平渓駅と菁桐駅については、平渓区役所が線路上の開放範囲を設定した上で、台湾鉄道が審議し、試験的な実施の期間と範囲を公告する予定です。
この天灯(スカイランタン)上げは、十分や平渓など各駅で国内外の観光客に人気がありますが、最近、フォロワー20万人の台湾のユーチューバー「菜苔苔與菜生生」が、十分老街(旧市街)で撮影中に線路上で天灯(スカイランタン)を放ったとして1万台湾元の罰金が科され、謝罪動画を投稿しました。動画では、当時多くの観光客が天灯(スカイランタン)を上げており、業者の指示に従って線路上に入ったが、鉄道法違反として警察から指摘を受けたと説明しています。
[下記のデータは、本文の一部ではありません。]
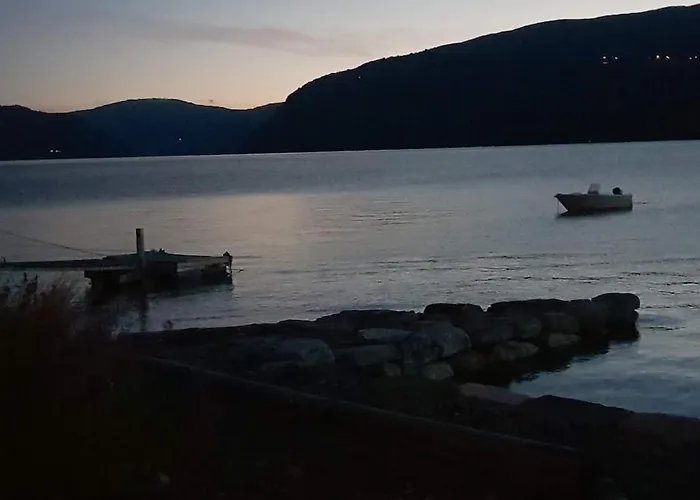 House With Oceanview *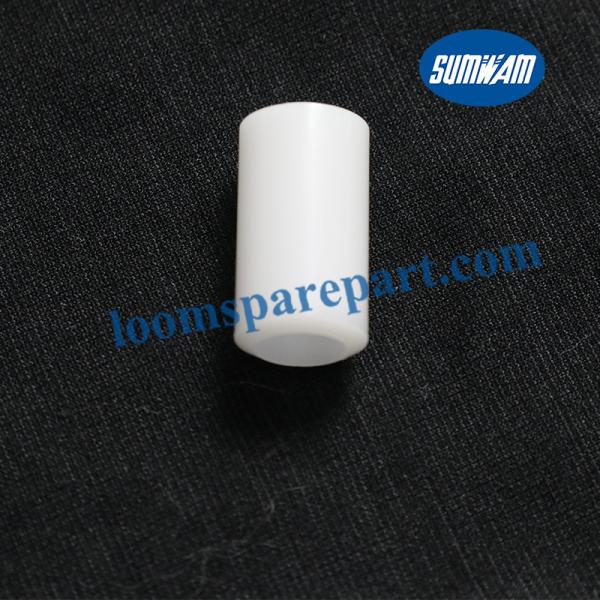 PREWINDER BUSH,OD 12MM,OD 8.5MM,HEIGHT 22MM,PICANOL OMNI AIR JET LOOM PARTS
また、平渓線はこのところの大雨で、土砂崩れや路盤流失などの被害が発生したため、来年1月30日まで全区間で運休しています。こうした状況を踏まえ、関連機関は29日から来年1月末までの間、十分、平渓、菁桐の3駅の線路の一部区間を適切な時間帯に限り開放し、旅客が鉄道法違反を心配せずに天灯(スカイランタン)を楽しめるよう試験的に実施する方針です。
関係者によりますと、十分駅は29日から来年1月末まで、土日を中心に開放する方向です。平渓駅と菁桐駅は、地元の調整が終わり次第、台湾鉄道が最終決定を行います。
交通部観光署も、開放が正式に決まったら、「どの時間帯に、どの区間で天灯(スカイランタン)をあげられるのか」を、分かりやすく旅客に知らせるとしています。